With all that said, I’m very much still a work in process. That baggage I mentioned? I’m carrying less around than I used to, but I’ve got some to discard still. I’ve still got some shit I’m working on and trying to work through, but I’ll get there. I’m in a position where I can get to where I want to be. Not taking my medication, not even getting my prescription, that’s like, I don’t know, man…that behaviour was way more self-destructive than any drinks I’ve drank, than any drugs I’ve done. 100% for sure. Were drinking and drugs going to kill me? They very well could have and that’s probably another story entirely, but I can tell you without a doubt that the path I was on was not going anywhere good. What it had already cost me was probably nothing compared to what it would cost me and I don’t think that’s hyperbole at all. I don’t think that’s being dramatic or romanticizing or Byronicizing (you know, like Lord Byron) anything at all. Don’t take your pills? Go nuts, but get in line to check out sooner than if you take your pills.

About Tristan Baggins

I have always wondered where to start with these bios, but I guess it’s always best to start at the beginning.
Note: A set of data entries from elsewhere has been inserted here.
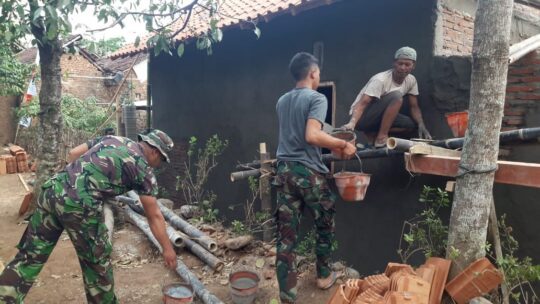 Prada Fentri Layani Sutikno Plester Dinding Rehab RTLH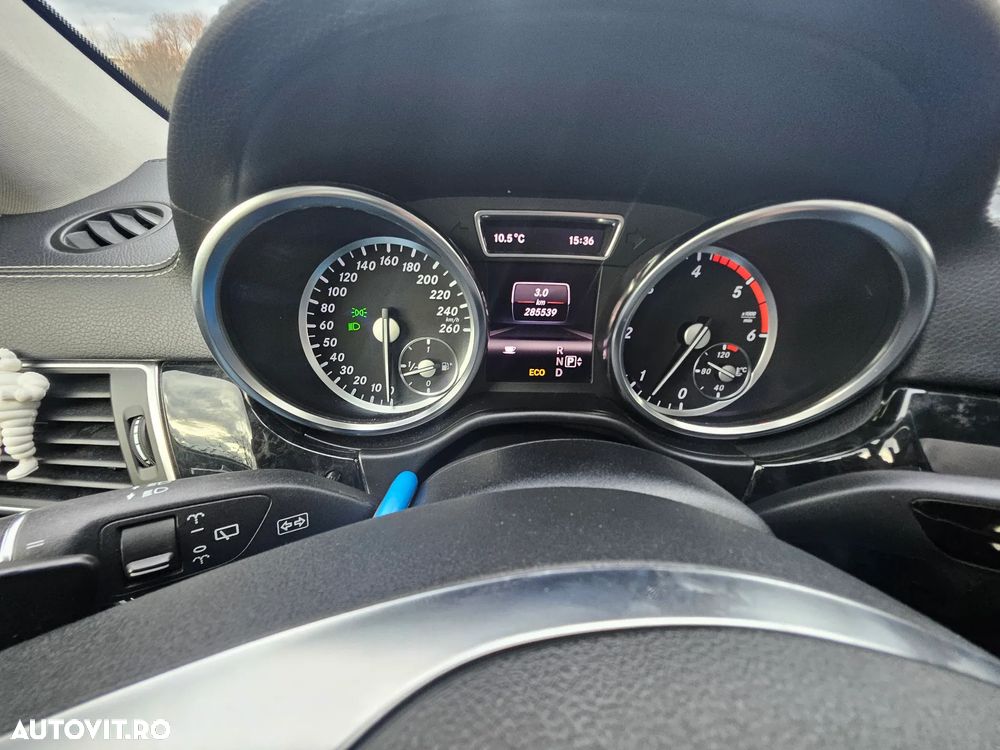 Mercedes-Benz ML - 23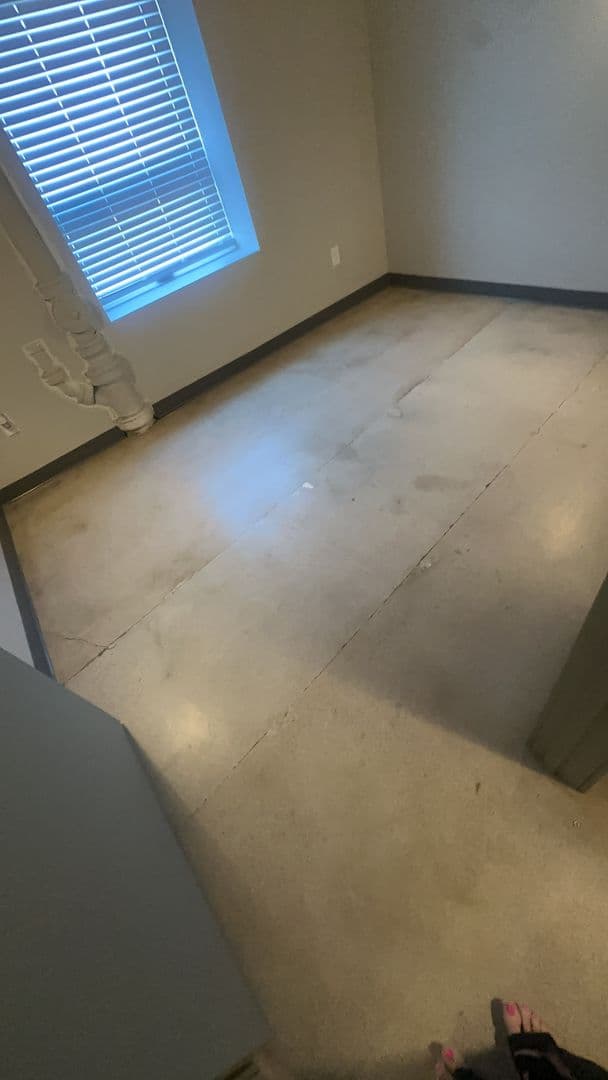 Albert Lea Apartment: 1619 W Main Street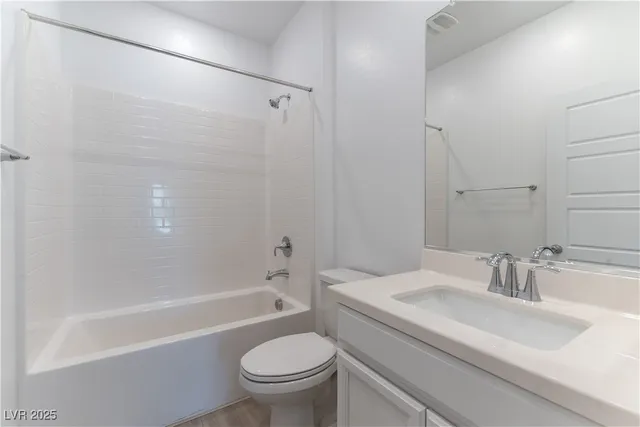 $1,895 | 965 Nevada State Drive, Unit 43103, Henderson, NV 89002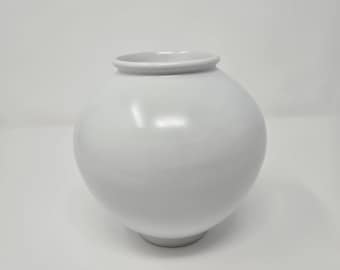 Handmade Korean Small Matte Baekja White Porcelain Moon Jar (달 항아리), Pottery, Home Decor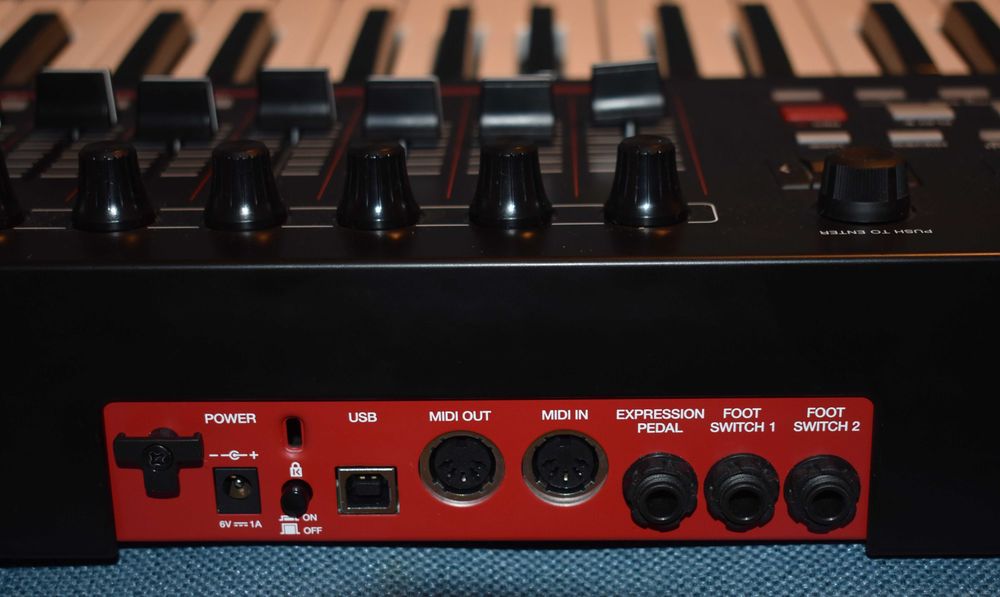 Akai Professional MPK261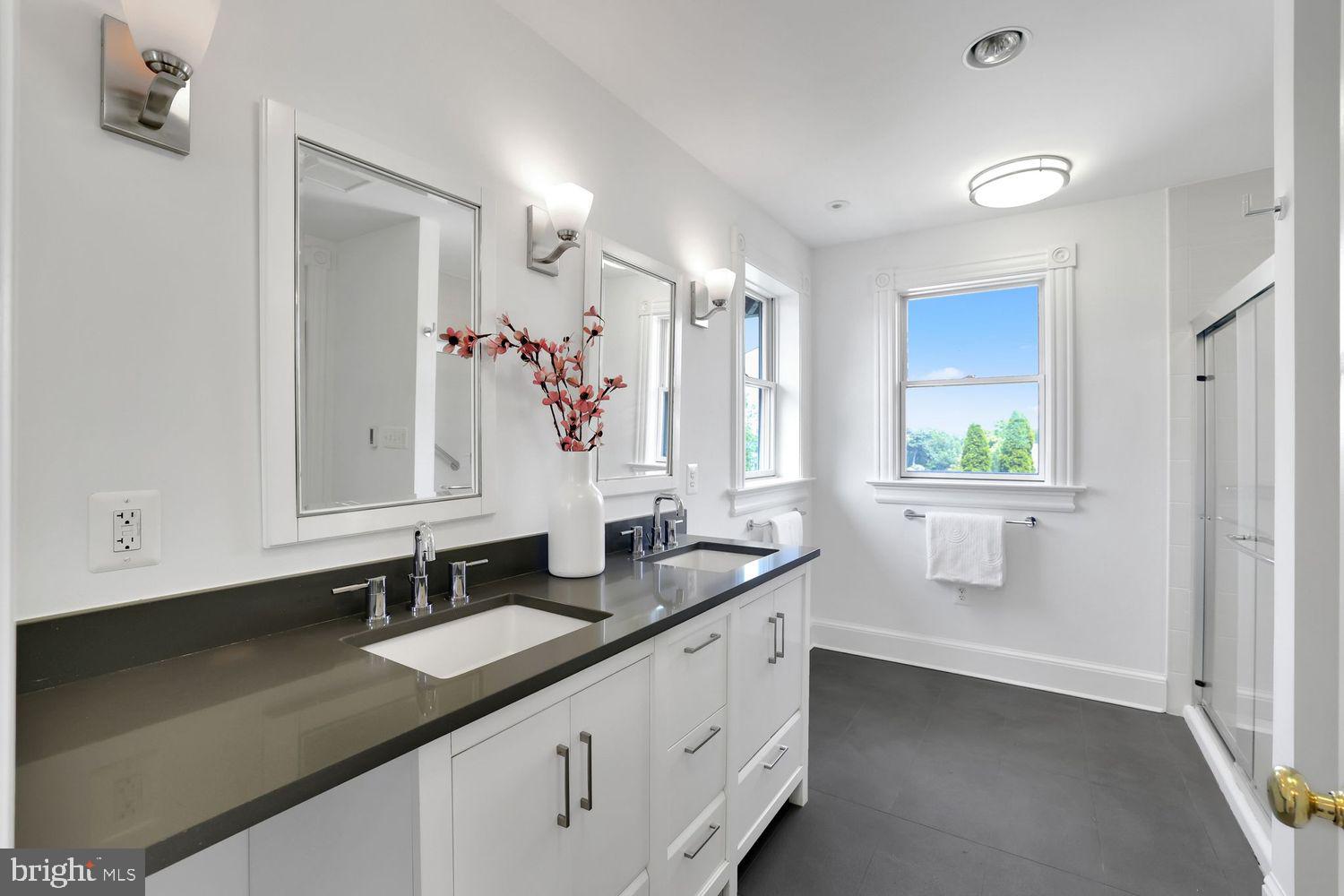 1329 DELAFIELD PLACE NW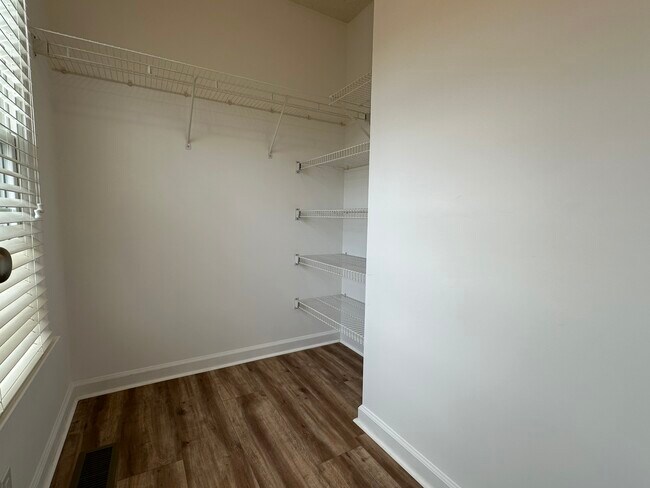 Building Photo - 328 Brookside Ct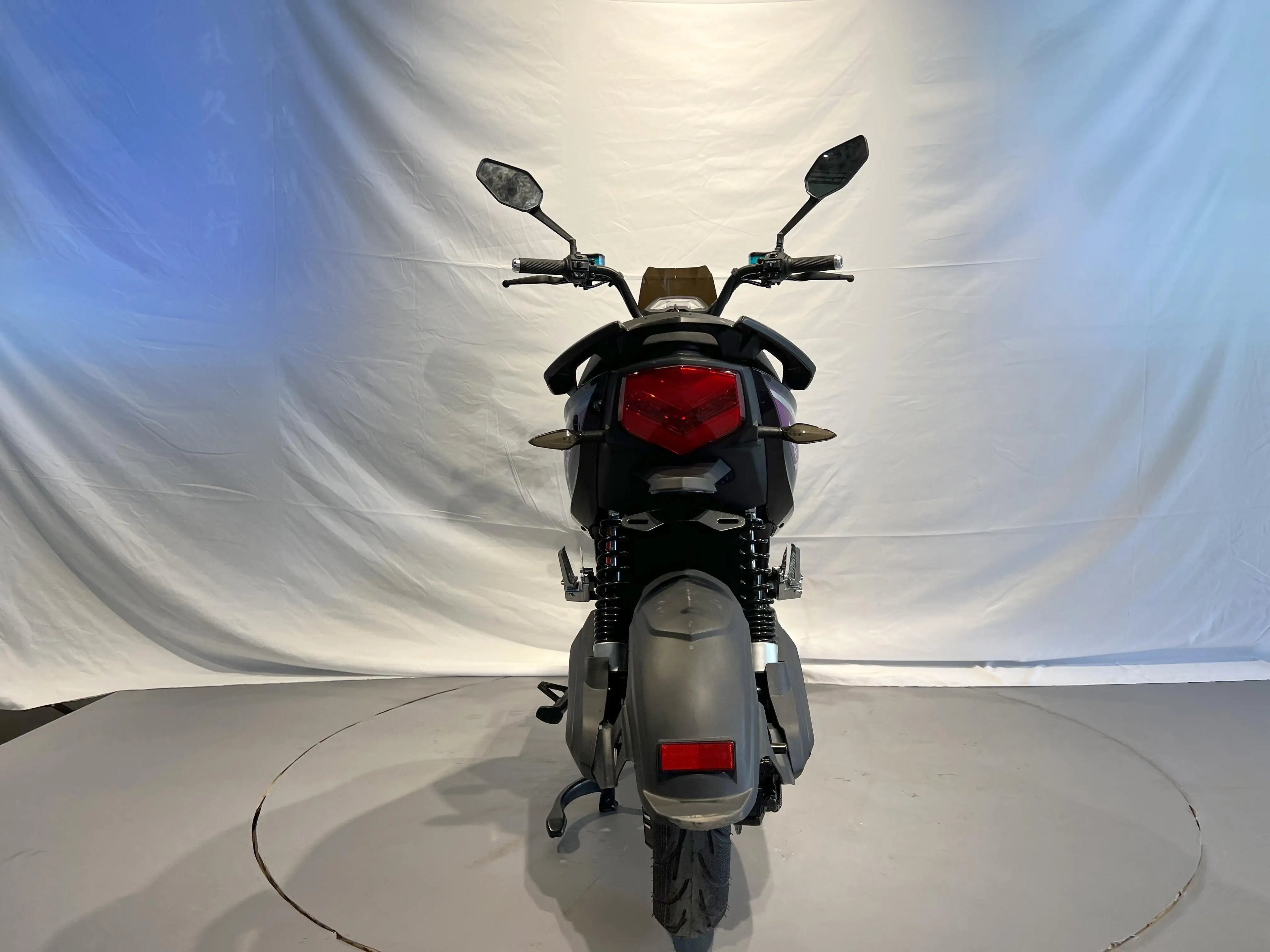 High-Speed 800W Electric Motorcycle for Adults Steel Frame With Integrated 60V Down Tube Battery 60km Range Per Chargecustom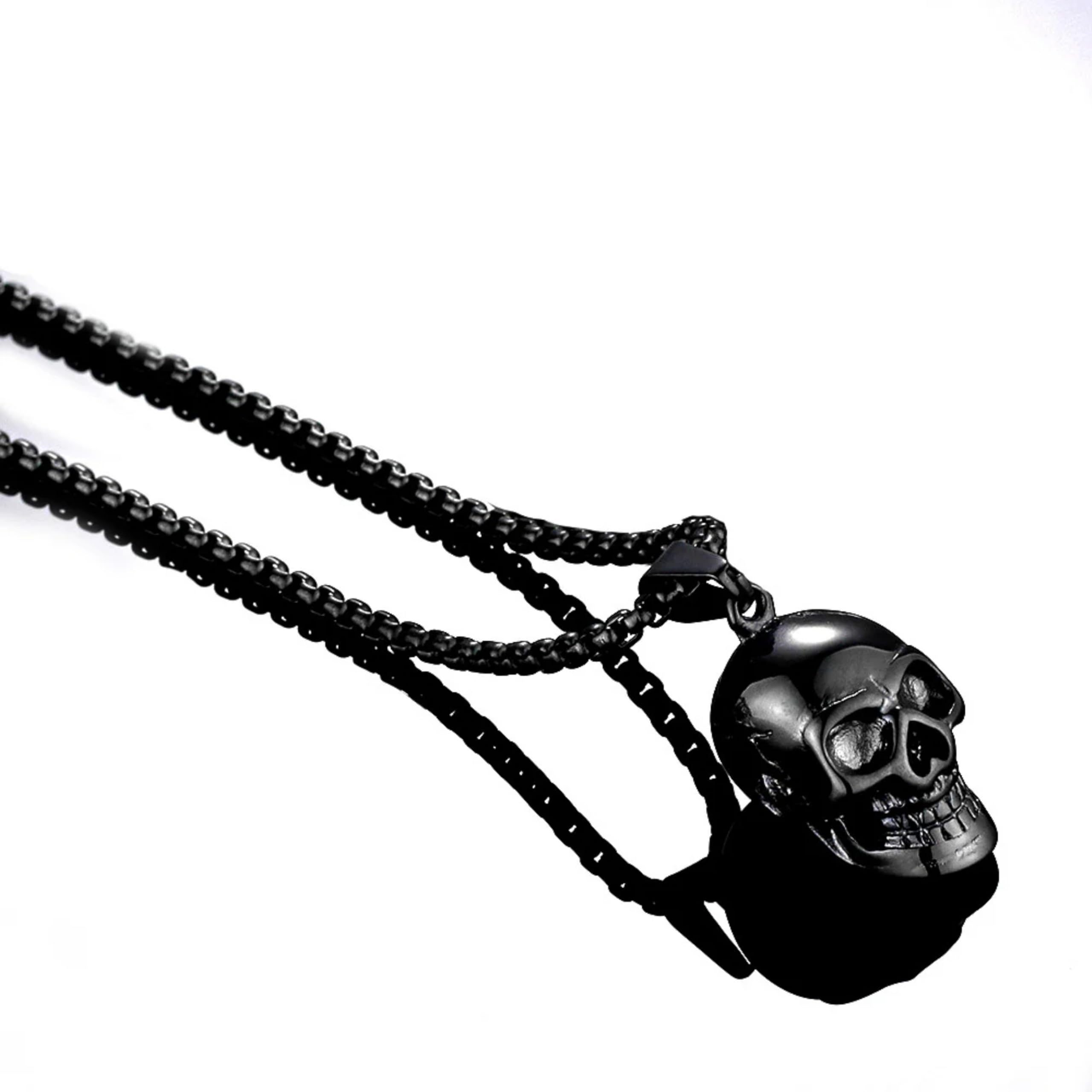 Salty Alpha Mens Halloween Theme Jewellery | Night King Skull Neck Chain | Adjustable Necklace | Spooky Designs | Fancy & Stylish | Horror Fashion Jewelry | Halloween Accessory (B0D4J1V5CW) Amazon Price History, Amazon Price Tracker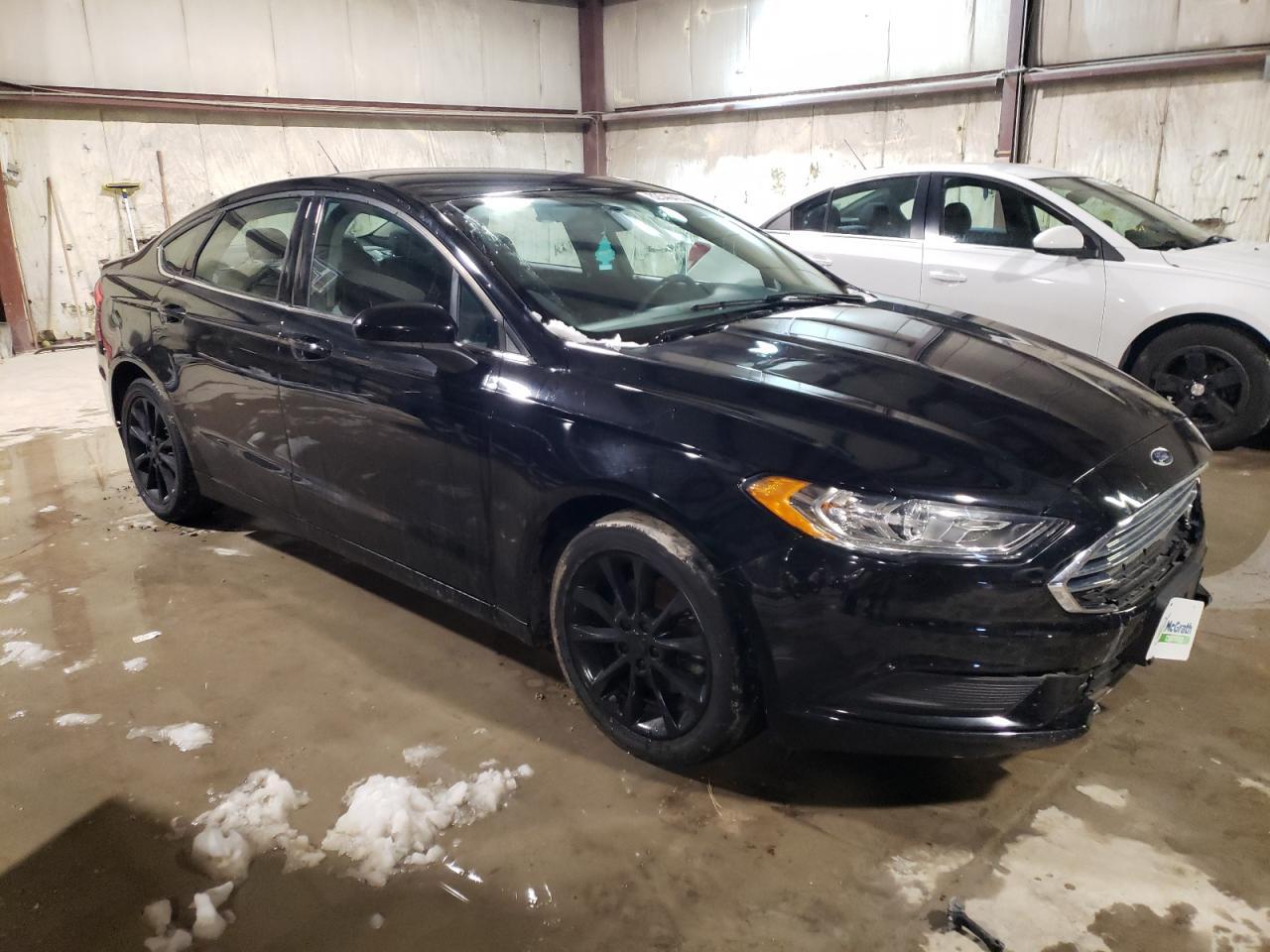 2017 FORD FUSION SE - Image 4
I’m in my early-30s and I’m passionate about NBA basketball, heavy metal, hardcore, my cat, my friends, writing prose and poetry, helping people, craft beer and mental health. I am also diagnosed with Bipolar II; the clinical definition might have changed with the release of DSM V, but the title doesn’t change my experience. The bulk of my 20’s were defined by erratic behaviour, depression, paranoia, anxiety, and, if I’m being honest with myself, a lot of inadvertent self-harm and self-destructive behaviour. What I learned coming through on the other side of the tunnel is that the light’s there, it’s not a myth, and it’s worth reaching towards.